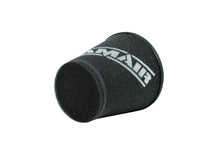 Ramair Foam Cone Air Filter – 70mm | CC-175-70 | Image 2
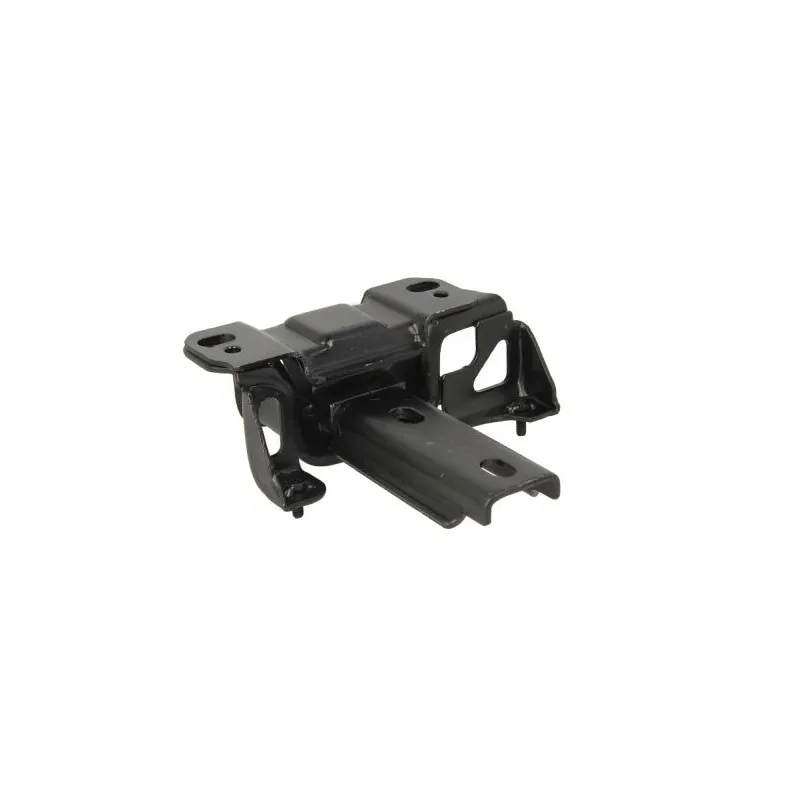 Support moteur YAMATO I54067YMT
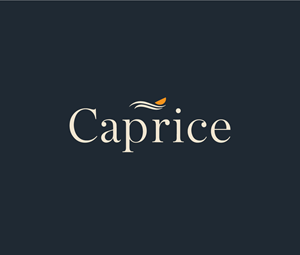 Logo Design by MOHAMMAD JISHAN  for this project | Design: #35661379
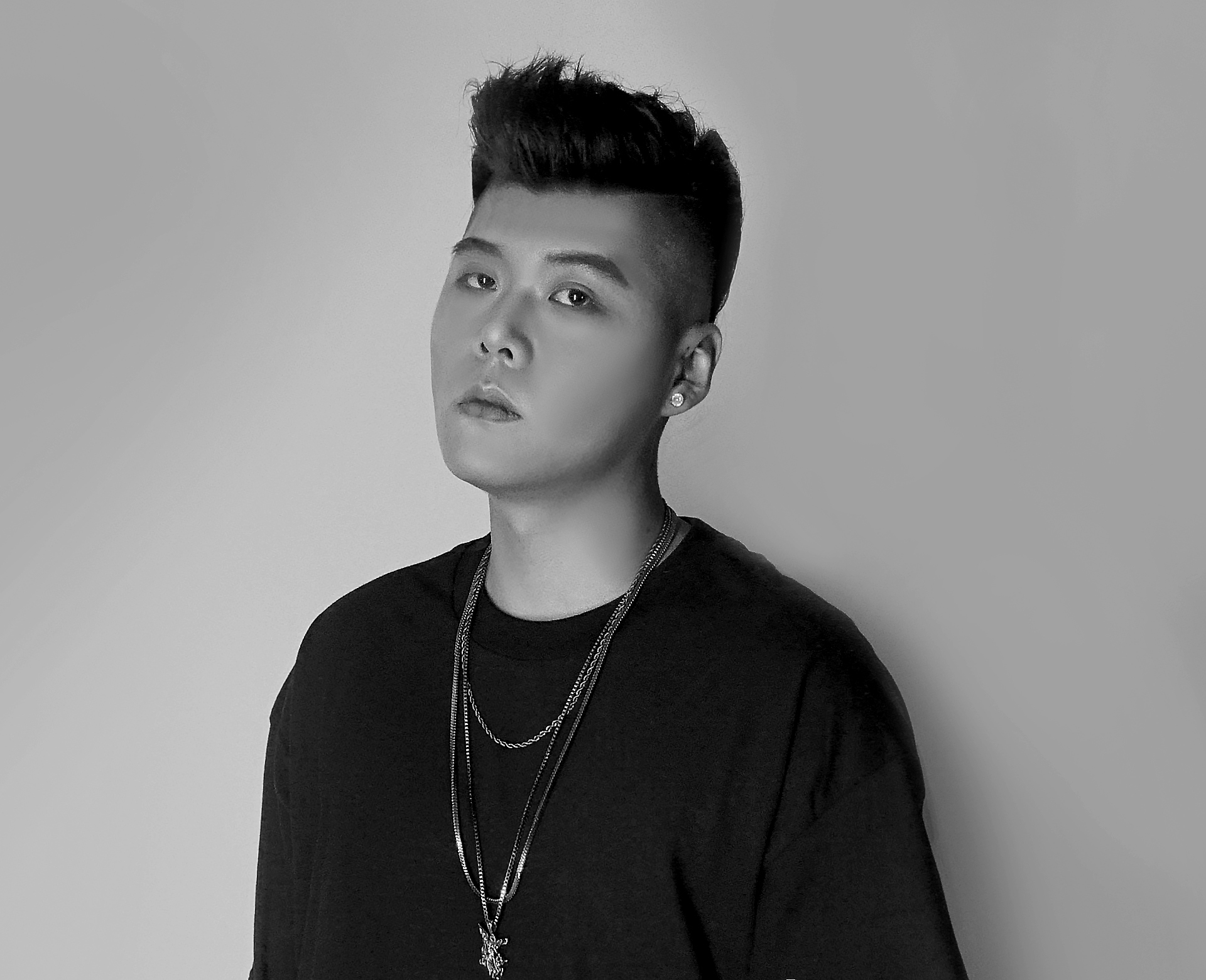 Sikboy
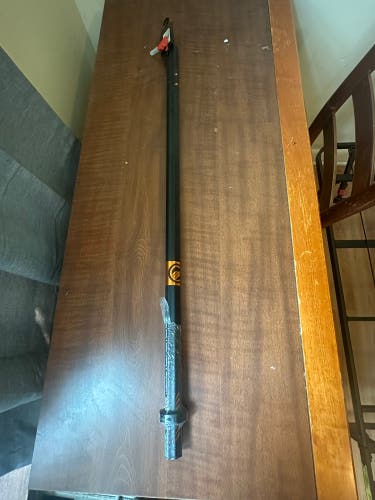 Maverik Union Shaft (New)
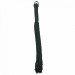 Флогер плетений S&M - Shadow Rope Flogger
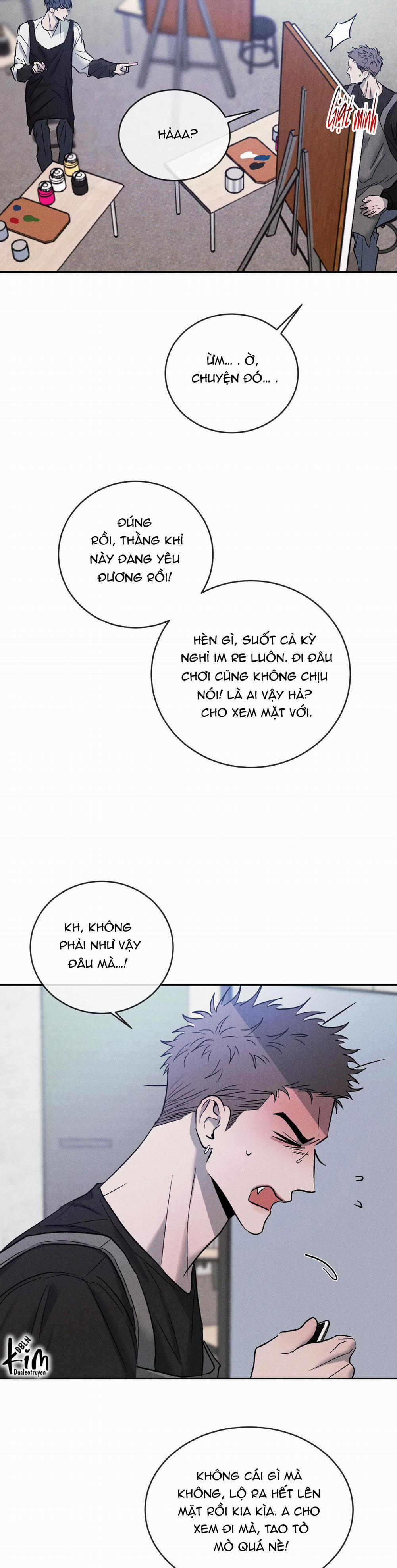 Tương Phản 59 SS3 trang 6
-*-
Leaving the pictures aside, write out the entries above exactly.

 Ramair Foam Cone Air Filter – 70mm | CC-175-70 | Image 2
 Support moteur YAMATO I54067YMT
 Logo Design by MOHAMMAD JISHAN  for this project | Design: #35661379
 Sikboy
 Maverik Union Shaft (New)
 Флогер плетений S&M - Shadow Rope Flogger
 Tương Phản 59 SS3 trang 6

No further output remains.